License Denied, Women Start Legal Action
Although Carmen and Dorothy Apodoca would like to marry with the government’s blessing, going to San Francisco this weekend never crossed their minds.
The Garden Grove couple think a government-sanctioned union would be only temporary because a court hearing today could nullify the more than 2,400 unions granted since Thursday.
“What’s happening in San Francisco is not legal,” said Dorothy Apodoca, 50. “They’re just pacifying the people and can yank the license at any time.”
The couple filed a claim against Orange County seeking $25 million in damages for violating their civil rights and inflicting emotional distress after the county clerk’s office denied their marriage license application Jan. 7.
Due to the Presidents Day holiday, officials from the clerk’s office could not be reached for comment. In an interview before he opened the Old County Courthouse in Santa Ana for heterosexual couples to marry Saturday, Valentine’s Day, Orange County Clerk-Recorder Tom Daly said he would abide by state law and deny licenses to same-sex partners until overturned by the Supreme Court.
Marriage between gay couples is an issue of equality, the Apodocas say, not of sexuality.
“As soon as people can separate those two things, we’ll be in a better place,” said Carmen Apodoca, 52. “The Constitution says we’re equal, so no one out there has the right to dictate what we can do with our lives.”

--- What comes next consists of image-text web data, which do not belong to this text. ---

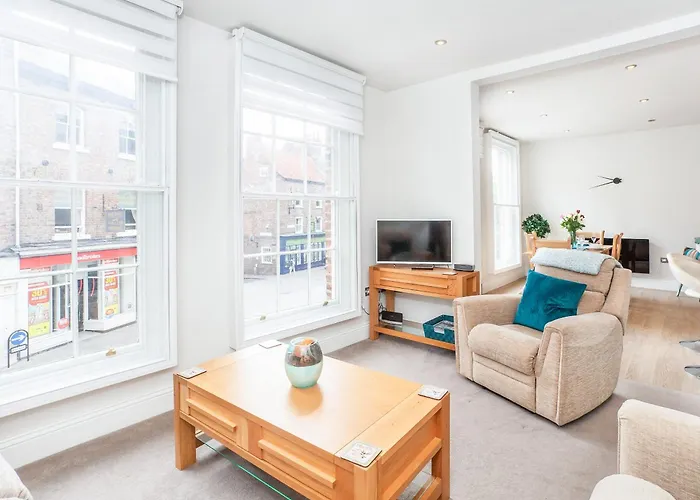 The Kings Dom wakacyjny York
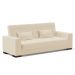 Sofá Cama 02 Lugares Lisboa Linho  - D'Rossi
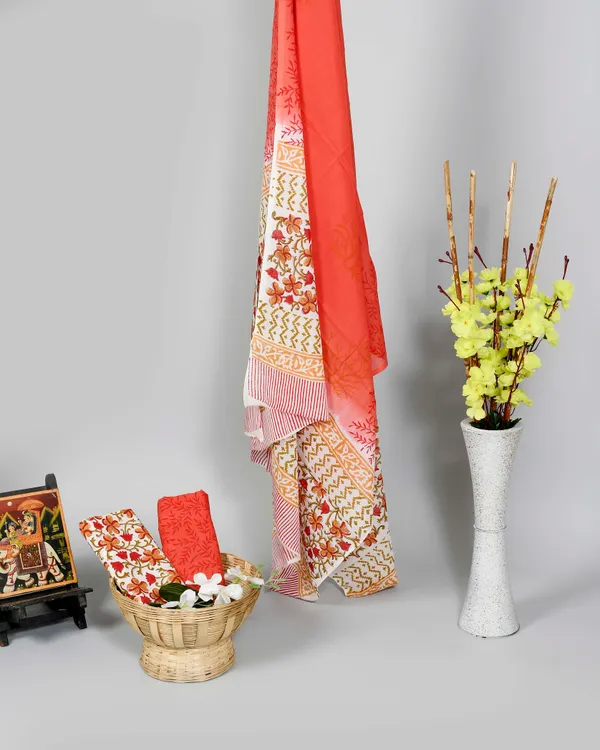 Hand_Block_Print_Pure_Cotton_Suit_with_Mulmul_Dupatta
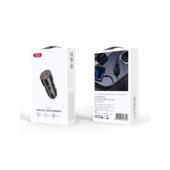 Incarcator auto 18W 3A 1xUSB-A Quick Charge QC3.0 negru XO Cod: XO-CC54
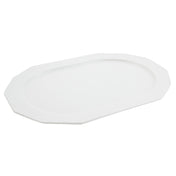 Bon Chef 9099CHESTNUT Prism Tray 9-7/8" X 14-1/4" Oblong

Fighting for the permanent right to marry, rather than opting for what may be a fleeting act by the mayor of San Francisco, shows that their crusade isn’t just for themselves, the couple say. A legal wedding won’t change how they feel about each other, but it will provide them the security that their heterosexual counterparts have.

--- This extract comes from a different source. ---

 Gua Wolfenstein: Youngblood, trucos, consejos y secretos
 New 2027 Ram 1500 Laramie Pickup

The couple met eight years ago when both were working in San Jose. Dorothy has adopted Carmen’s two daughters, ages 13 and 14, as a stepmother, and continues to work while her partner stays at home with the children. All have taken Dorothy’s last name.

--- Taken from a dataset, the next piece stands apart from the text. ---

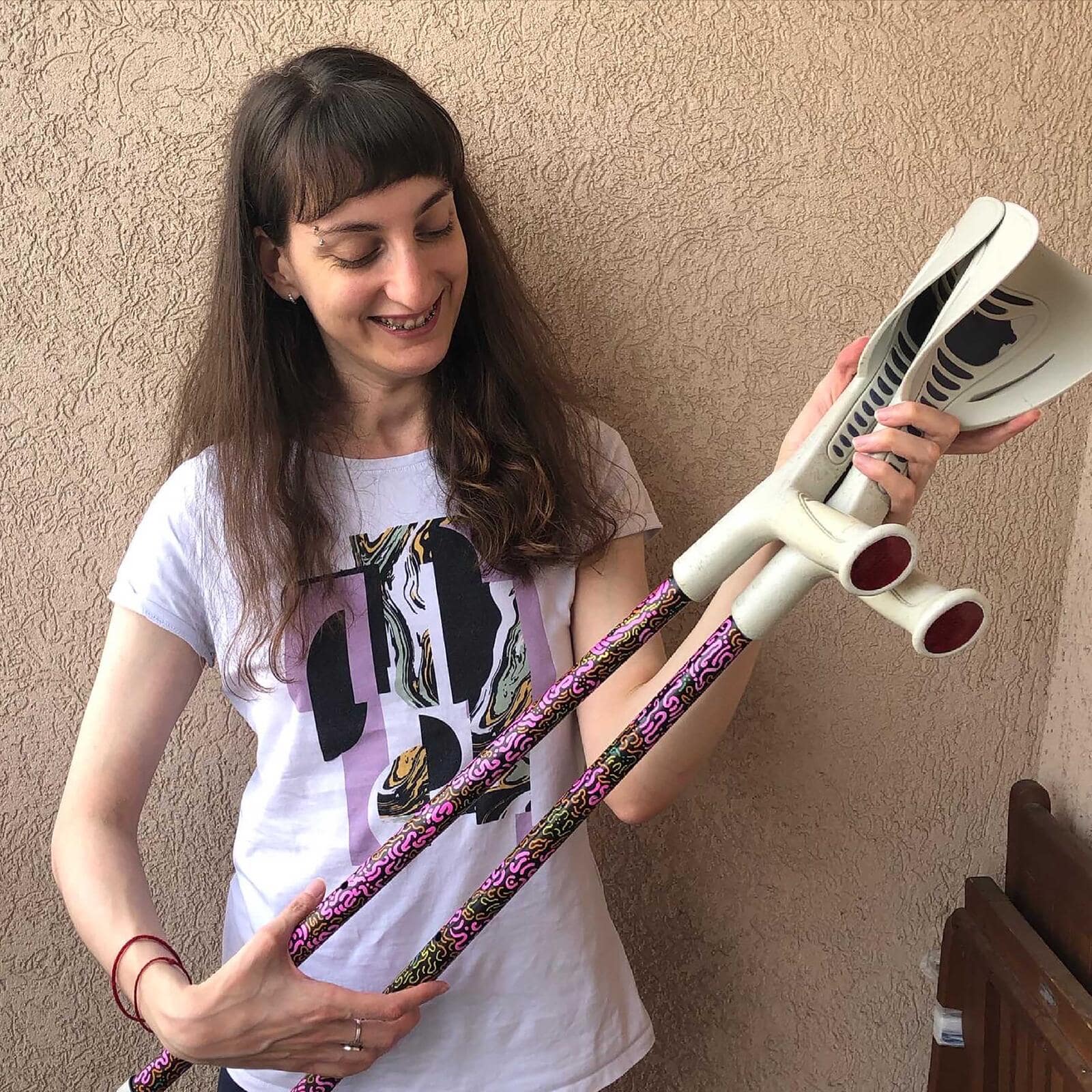 Milanka Nikolic: Resilience personified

For them and other gay couples, they said, their fight to marry has given the institution of marriage increased significance. “Heterosexuals take marriage, kids, everything for granted,” Dorothy Apodoca said. “We take those things so much more seriously because we’ve had to struggle for them.”
The couple’s claim will probably be denied, paving the way for them to sue the county, said their attorney, Richard Gilbert.